_EXTRACTED INFORMATION_
↓
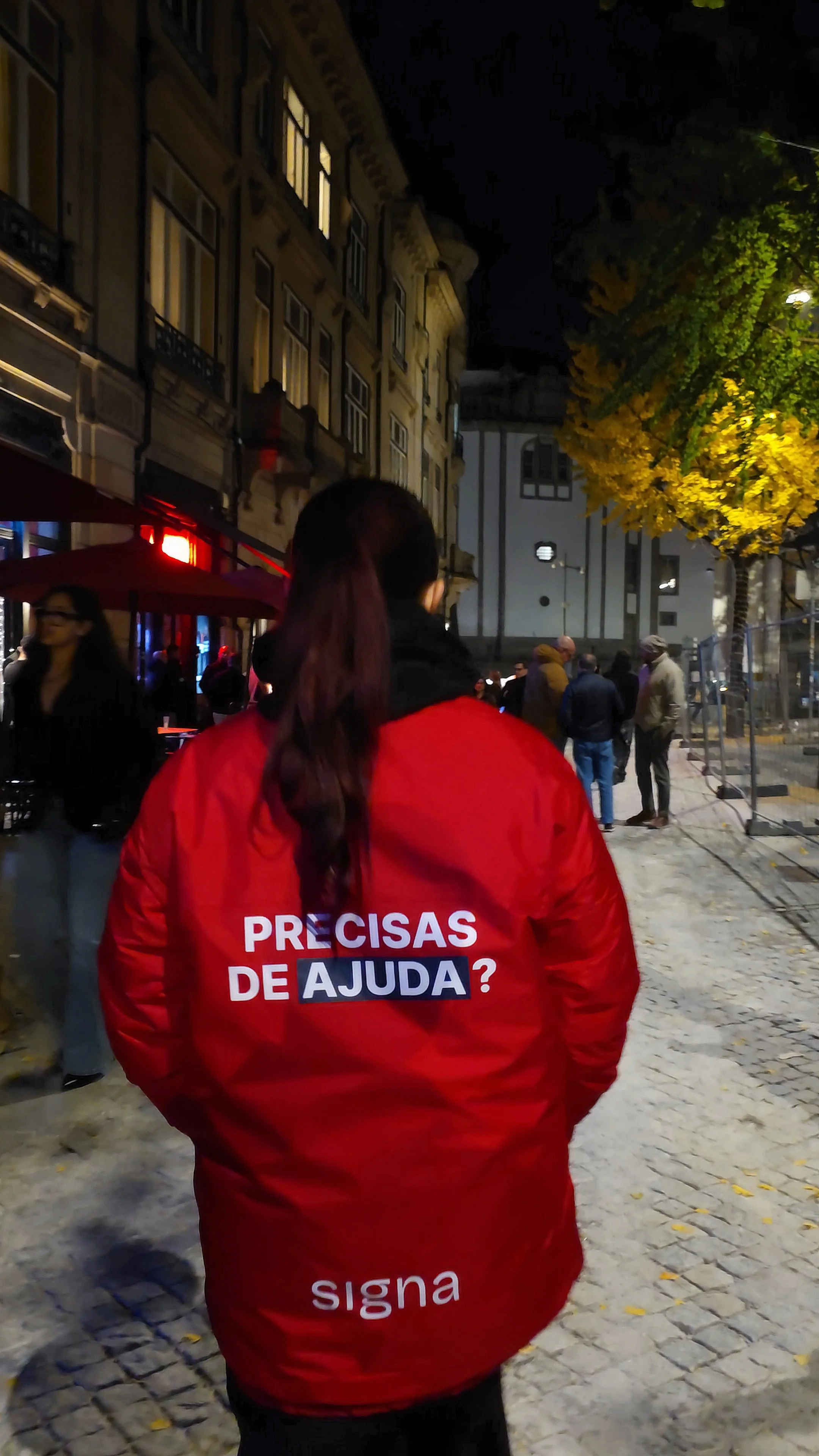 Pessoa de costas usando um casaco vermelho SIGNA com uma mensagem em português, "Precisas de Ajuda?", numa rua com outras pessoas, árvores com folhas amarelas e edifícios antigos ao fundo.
↑
↓
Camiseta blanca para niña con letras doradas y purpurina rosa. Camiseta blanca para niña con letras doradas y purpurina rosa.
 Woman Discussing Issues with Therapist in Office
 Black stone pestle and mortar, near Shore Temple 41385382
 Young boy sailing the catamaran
↑
_YOUR TASK_
The lines to extract from the data above begin with the line containing "purpurina rosa. Camiseta" and end with the line containing "Young boy sailing the catamaran". Extract them exactly, including both.

_REPLY_
Camiseta blanca para niña con letras doradas y purpurina rosa. Camiseta blanca para niña con letras doradas y purpurina rosa.
 Woman Discussing Issues with Therapist in Office
 Black stone pestle and mortar, near Shore Temple 41385382
 Young boy sailing the catamaran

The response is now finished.